Why do you read scary things?
To be honest I rarely do. My tastes veer towards sci-fi and thrillers. My fix of horror comes mainly via the screen, with some notable exceptions.
What flavour of scary do you like reading about-paranormal creatures, serial killers, chill up your spine hauntings, or something different?
If I want to read scary I always tend to plump for ghost stories. M.R. James is a reliable spooker. Yet the most creeped out I’ve ever been was by two books I oddly read back to back - Iain Banks’The Wasp Factory and The Collector by John Fowles. Those books both left me with a profound sense of unease that persists whenever I think about them, even 20 years later.
Out of everything in the world, what do you find scary?
Bullies with guns who consider everyone who disagrees with them to be less than human. Despots, fascists, religious extremists of all stripes. People who seek to take away my freedom of thought and action. Being locked up for dissent would be my greatest fear.
If you could insert yourself into any horror novel, which would it be, who would you be, and why?
Ooh, good one. I’d be the sole survivor of Franklin’s mission as told in Dan Simmons’ The Terror. That book was proper scary!
Classic (pre-1970s) or modern horror-which do you prefer and why?
Classic, I think. I prefer concepts that freak me out as opposed to graphic portrayals of suffering and death, which is where so much horror these days tends to end up.
What's the scariest thing you've read to this day?
The aforementioned The Wasp Factory – the sense of impending horror that book builds is palpable.
What books scared you most as a child?
Robert Westall’s ghost stories, especially the Break of Dark collection and The Scarecrows. He was a master.
What do you do to celebrate Halloween?
Not much. My birthday is on Bonfire Night (for those outside the UK that's November 5th, when we have fireworks and light bonfires to celebrate the failure of an attempt to blow up parliament in 1605), so I tend to go big on that instead. Nothing says Happy Birthday like burning an effigy of a religious insurrectionist!
Why did you choose to write a horror novel/include horror aspects into your novel?
I probably would not have done so had it not been the publisher’s requirement. That said, once I had the brief, I really seized the opportunity to go to some really dark places. I enjoyed it far more than I would have expected, so I’m grateful I got the steer I did and ended up really pleased with the result. So much so that I may well return to horror tropes again at some point.
What's the scariest thing you'd write about?
Loss of self. The story I did for Tales of the Apocalypse is about that, and it creeped me out to write it! http://www.amazon.com/
Christopher Fowler is a huge influence and he was, for a while, a straight horror writer. He’s moved away from horror now, but books like Psychoville really grabbed me and influenced me.

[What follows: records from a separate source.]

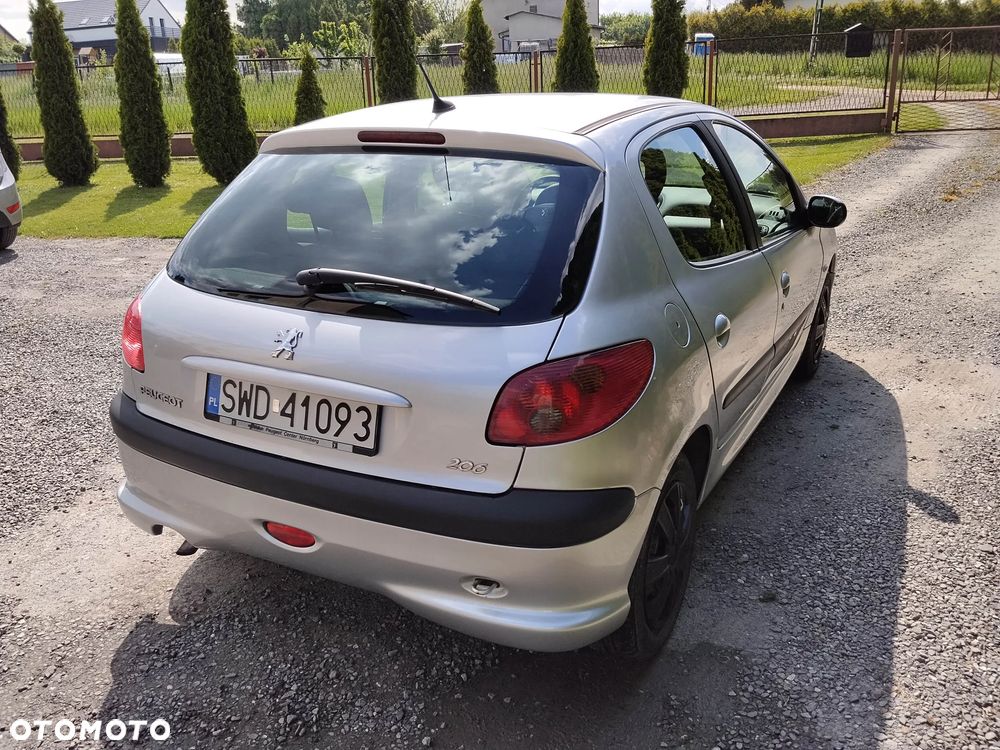 Peugeot 206 - 5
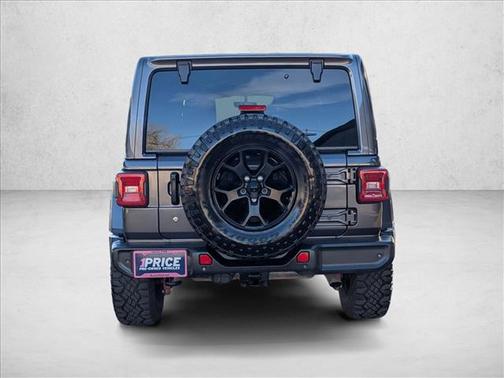 2018 Jeep Wrangler Unlimited Moab 4x4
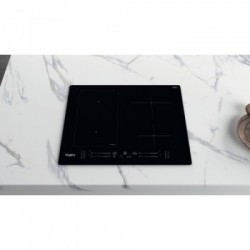 Whirlpool WL S2260 NE - Piano Cottura ad Induzione, FlexiCook, 4 Zone, 60 cm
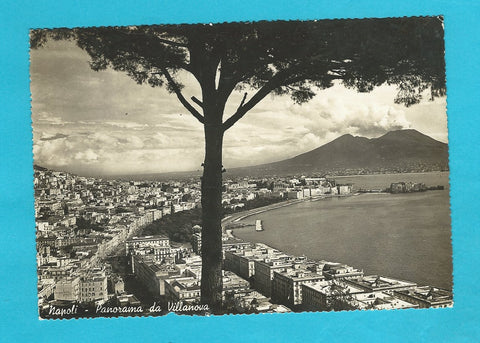 AK Napoli - Panorama da Villanova.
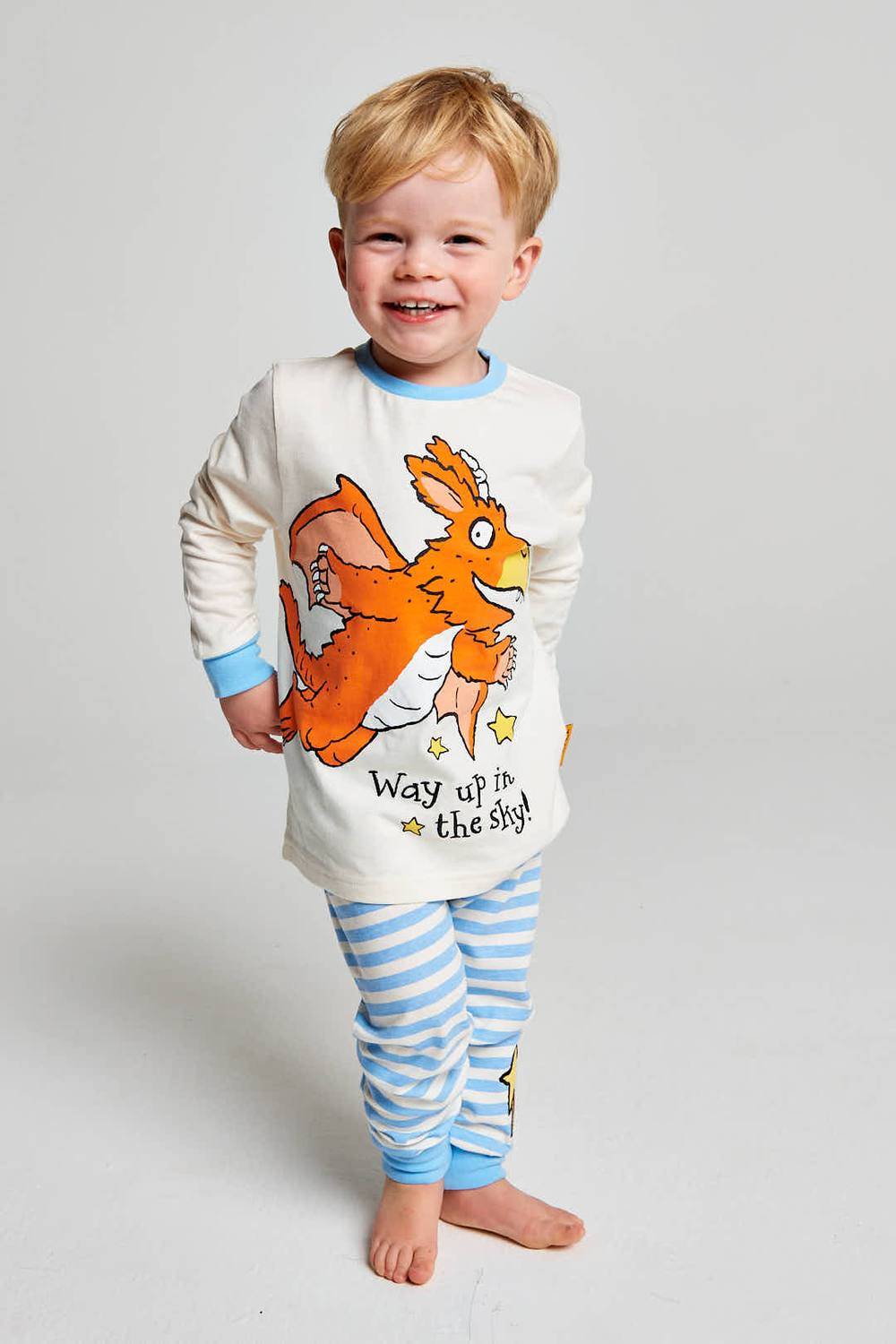Zog Jersey Pyjama Set - Multicolor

How did you choose what things the teens would face?
The three villains in the three books of the St Mark's trilogy represent my biggest fears – religious fundamentalism, military rule and ruthless, psychopathic self-interest.
What's your favourite zombie story?
Shaun of the Dead, no contest.
Any other spooky books you want to share?
Christopher Fowler’s Spanky is a corker and Robert Westall’s Devil on the Road is spooky and weird for younger readers.